Sorry, I just can't see myself paying for TRASH. And I STILL don't understand why other people do it.

I don't know. Maybe it's just me.

When I was a kid, my parents were not the indulgent sort as far as material pieces of crap, and for that, I really must commend them. They did do a lot of dumb things, raising my brothers and me, but now, still feeling kind of broke, and definitely feeling kind of radical, I appreciate knowing that a stick can be the best toy in the world. As I've said before, rocks and sticks and an old metal mailbox were my favorite toys growing up. I think that sort of upbringing made me a more creative person. And creative people can survive in this world without mascara, Mountain Dew, Sketchers, new Levi's, or the latest dumbass Milton-Bradley game.

(Also, my parents were cheapskates, I think, but it all worked out for the best...)

Some things, I've found, that actually ARE indispensible:

*Books. Readily available on 8th-ish Avenue, next to the post office, for free, at the Timberland Library. They'll even hook you up with a free card. Fucken amazing, these library places. Also, readily available at low prices at Orca Books, or Browser's Books, both downtown in Oly. Sure, they'll be used, and maybe a little scuffed up, but whatever. Books are important. Everybody has to have books, especially if one doesn't have a TV.

*Paper. Free, on campus, at any blue recycling container. Hell, in the computer center, most of it's blank anyway. Notebooks also available certain times of year.

*Pens. If you can't figure out how to nab yourself a free pen, I don't know how the hell you figured out how to use the internet...

*Food. Free if you have friends who take pity on you.
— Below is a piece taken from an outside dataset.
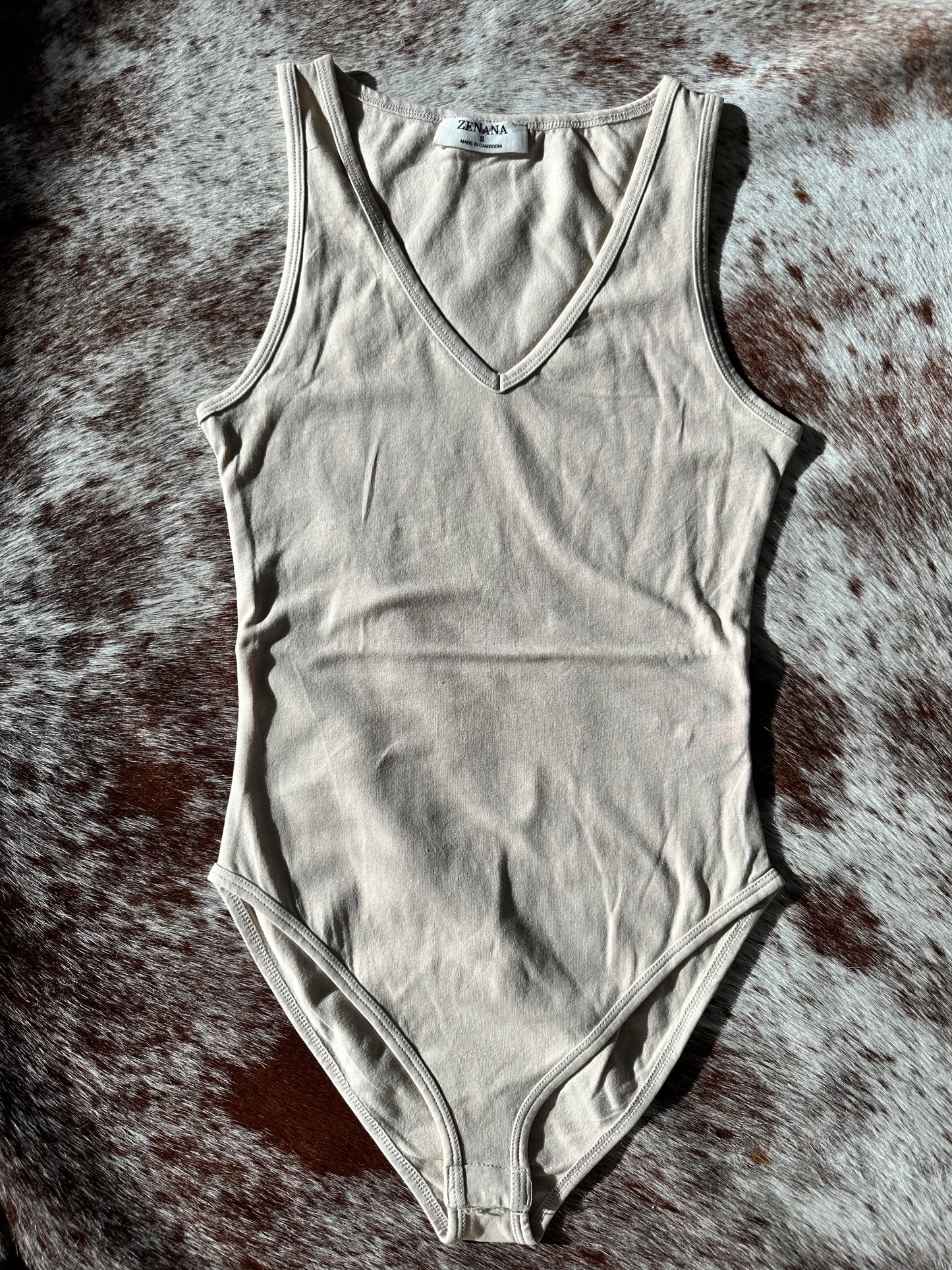 Mineral washed vneck bodysuit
Also free if you have friends who have money, yet don't like to cook: offer to cook for somebody who's just had a hard day's work. Then eat with them. That has almost always worked for me. Besides, you get to inflict your food onto other people's stomachs. Failing the ability to do that (if, say, you have no friends...), food is cheap in grocery stores if you don't buy brand-name stuff, assume that meat isn't necessary for life, and restrain yourself from buying Tillamook cheese and Ben & Jerry's ice cream. I'm still working on most of that. Oh yeah, and also, dandelion greens make great salads. They're going to serve you dandelion greens in pretentious restaurants anyway, so you may as well eat them out of your own yard. Seriously. And if you do it right, you can make blackberries into a three-course meal.
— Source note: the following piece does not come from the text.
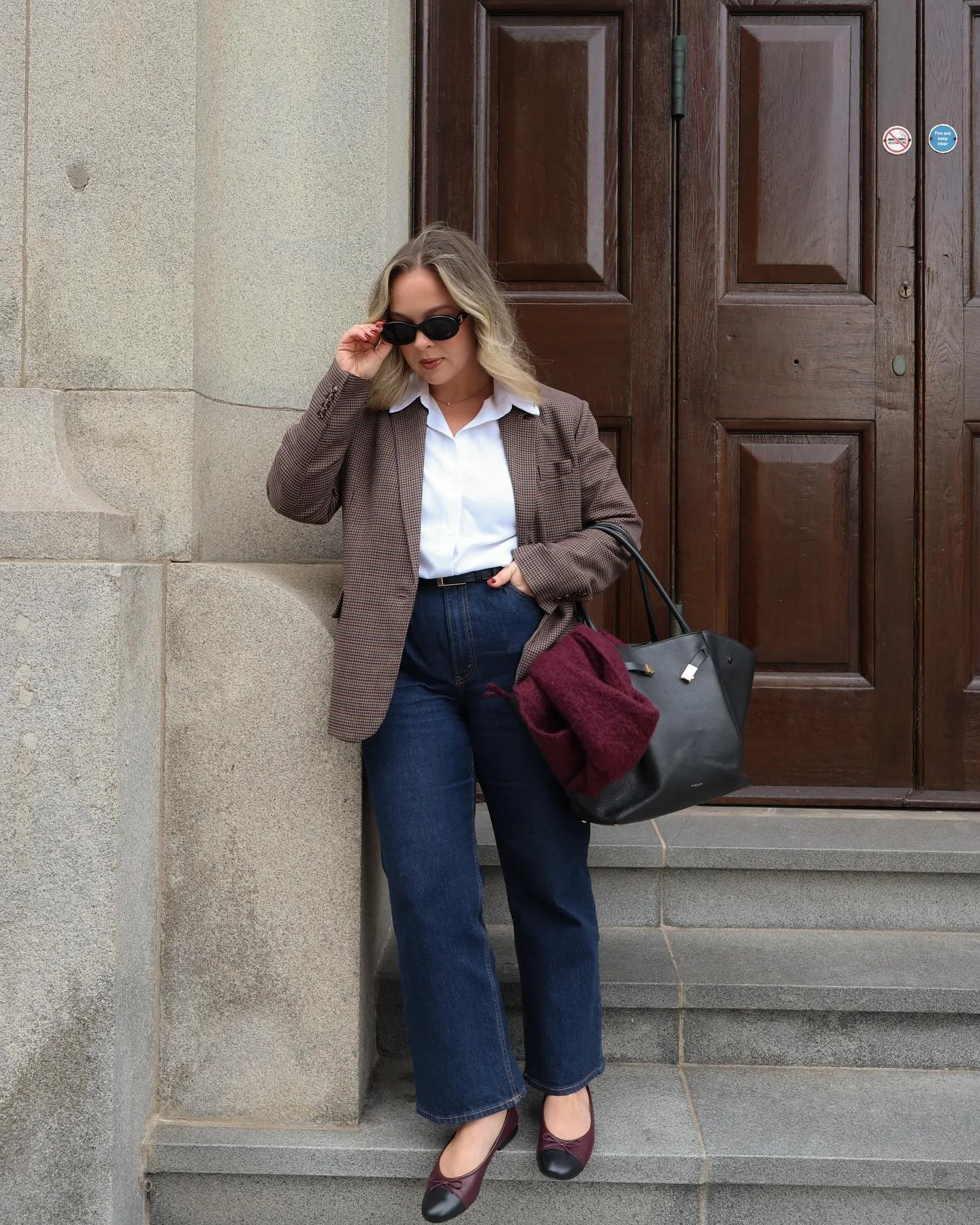 midsize fall fashion outfits 2026 Smart Blazer Styling With Dark Denim And Burgundy Accents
*Music. The easiest way to get free music is to make friends with a band. Or two bands. Or a kid with a guitar. Hell, borrow somebody's recorder, bring a couple of quarters downtown, and record the dirt-poor beggar-kids in front of the Spar. They OFFER to sing for you for a quarter or two. Plus, they're way better than most of this current top-40 shit. Bring them a cheese sandwich and they'll play all afternoon for you. Bring them a nickel bag and a bunch of them will serenade you all day and then follow you home, still singing. Other ways to obtain cheap music are: three-dollar CD's from The Baby Bok Choy Record Club, (available nation-wide); trading mix-tapes with friends and penpals (and if you don't have any friends or penpals, *I* will be your friend and penpal and trade mix-tapes with you...); or taping Fred's show every Sunday night.

*The U.S.P.S. That is, it's indispensible to me, because it's the main way I keep in contact with the rest of the world, since I have no internet connection from my house, and no phone. But whatever; for me, one stamp is the equivelent of 3.7 minutes' worth of work. Can anybody really bitch about that? Hell, you can FIND 37 cents, if you need it, by walking through gas station parking lots with your head down. Hell, just walk into a gas station and empty out their penny-pit if you're really hard-up.
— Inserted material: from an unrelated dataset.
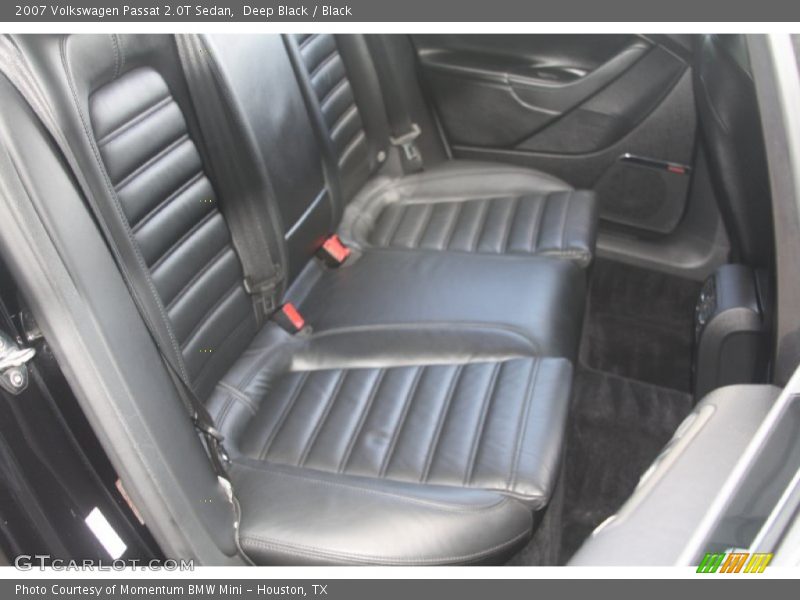 Deep Black / Black 2007 Volkswagen Passat 2.0T Sedan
...But really, kids, little pieces of shit, including but not limited to pretty much everything advertised on television, aren't ACTUALLY necessary. And it's really kind of liberating to play with your own made-up toys, to use your own self-invented tools, to smile at the bookshelf nobody knows you got out of a dumpster, and to listen to music you didn't pay for. Besides, Mountain Dew kinda tastes like shit.